Dow Industrials Stabilize
Stocks have gained some support, with financials rebounding on reports the Obama administration will propose a plan to buy troubled assets from banks. Near-term trading will be dominated by earnings reports, developments in Washington, and the outlook for the banking sector.
A breakdown below the November low of 7,552.29 in the Dow Industrials would reconfirm the bearish primary trend, while continued resilience through earnings season would be encouraging. For now, subscribers should maintain a somewhat defensive posture, with 25% to 35% of equity portfolios in short-term reserves.

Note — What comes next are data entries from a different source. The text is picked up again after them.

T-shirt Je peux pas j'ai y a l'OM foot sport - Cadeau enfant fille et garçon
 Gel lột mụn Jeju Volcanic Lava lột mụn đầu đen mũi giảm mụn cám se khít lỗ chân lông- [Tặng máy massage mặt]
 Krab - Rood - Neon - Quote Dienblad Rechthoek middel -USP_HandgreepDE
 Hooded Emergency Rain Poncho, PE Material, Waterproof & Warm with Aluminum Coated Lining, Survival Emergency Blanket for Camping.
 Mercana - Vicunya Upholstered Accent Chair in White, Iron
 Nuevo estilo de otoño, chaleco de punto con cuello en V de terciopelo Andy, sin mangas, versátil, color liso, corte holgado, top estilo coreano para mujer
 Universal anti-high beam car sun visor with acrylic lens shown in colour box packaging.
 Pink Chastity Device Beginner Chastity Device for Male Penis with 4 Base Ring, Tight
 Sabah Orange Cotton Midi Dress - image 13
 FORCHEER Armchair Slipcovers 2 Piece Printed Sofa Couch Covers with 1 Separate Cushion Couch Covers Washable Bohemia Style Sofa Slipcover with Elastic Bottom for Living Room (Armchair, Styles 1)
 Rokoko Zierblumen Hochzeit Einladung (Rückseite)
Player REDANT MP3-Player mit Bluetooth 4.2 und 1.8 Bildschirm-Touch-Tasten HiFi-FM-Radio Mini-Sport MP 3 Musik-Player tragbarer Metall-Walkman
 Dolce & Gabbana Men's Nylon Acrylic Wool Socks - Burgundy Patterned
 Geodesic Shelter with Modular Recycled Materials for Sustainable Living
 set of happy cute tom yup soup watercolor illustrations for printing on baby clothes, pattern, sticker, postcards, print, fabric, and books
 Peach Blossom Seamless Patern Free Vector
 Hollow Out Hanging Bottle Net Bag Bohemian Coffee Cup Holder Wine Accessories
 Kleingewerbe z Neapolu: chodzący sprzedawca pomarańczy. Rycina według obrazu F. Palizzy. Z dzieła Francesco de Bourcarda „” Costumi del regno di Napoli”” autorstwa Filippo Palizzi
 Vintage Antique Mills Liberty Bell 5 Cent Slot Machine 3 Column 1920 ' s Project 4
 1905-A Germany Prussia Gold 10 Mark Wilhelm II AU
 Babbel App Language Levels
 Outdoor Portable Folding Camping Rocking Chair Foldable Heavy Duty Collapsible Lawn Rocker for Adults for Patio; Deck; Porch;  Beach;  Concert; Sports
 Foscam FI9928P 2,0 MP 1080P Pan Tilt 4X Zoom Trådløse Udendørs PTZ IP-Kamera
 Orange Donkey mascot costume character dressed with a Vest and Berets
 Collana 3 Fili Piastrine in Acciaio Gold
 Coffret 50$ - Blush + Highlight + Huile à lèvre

December-quarter earnings reports have been weak overall, and several high-profile stocks have tumbled on very poor reports. But the major averages and most sectors of the market have moved higher since earnings season began, suggesting expectations of weak results were already reflected in stock prices.
With nearly one-third of S&P 500 companies having reported, about 40% have fallen short of consensus profit estimates — nearly double the long-term average of 23%. The financial sector has accounted for most of the worst shortfalls, but such industry leaders as AT&T ($26; T) and Microsoft ($18; MSFT) have also come up short.
On average, the share-price declines of companies missing expectations have been more substantial than the share-price rallies of those exceeding expectations. But, outside the financial sector, the downside surprises have not triggered massive sectorwide declines.
The financial sector, down more than 25% year-to-date as recently as Jan. 22, has bounced on reports that President Obama is considering the creation of a “bad bank” that will buy distressed and illiquid securities from banks. The market’s early reaction to this idea must be viewed as encouraging, though it remains unclear whether such a program would excise the rot in our financial system.
As a partial hedge, holding 25% to 35% of your equity portfolio in a short-term bond fund remains prudent. But you should continue to look for opportunities on a stock-by-stock basis, emphasizing attractively valued growers.
Look for companies exceeding consensus expectations, and don’t be afraid to buy stocks that have rallied on a better-than-expected earnings report. Among Forecasts recommendations, General Dynamics ($56; GD) rallied on a strong earnings report but remains attractively valued.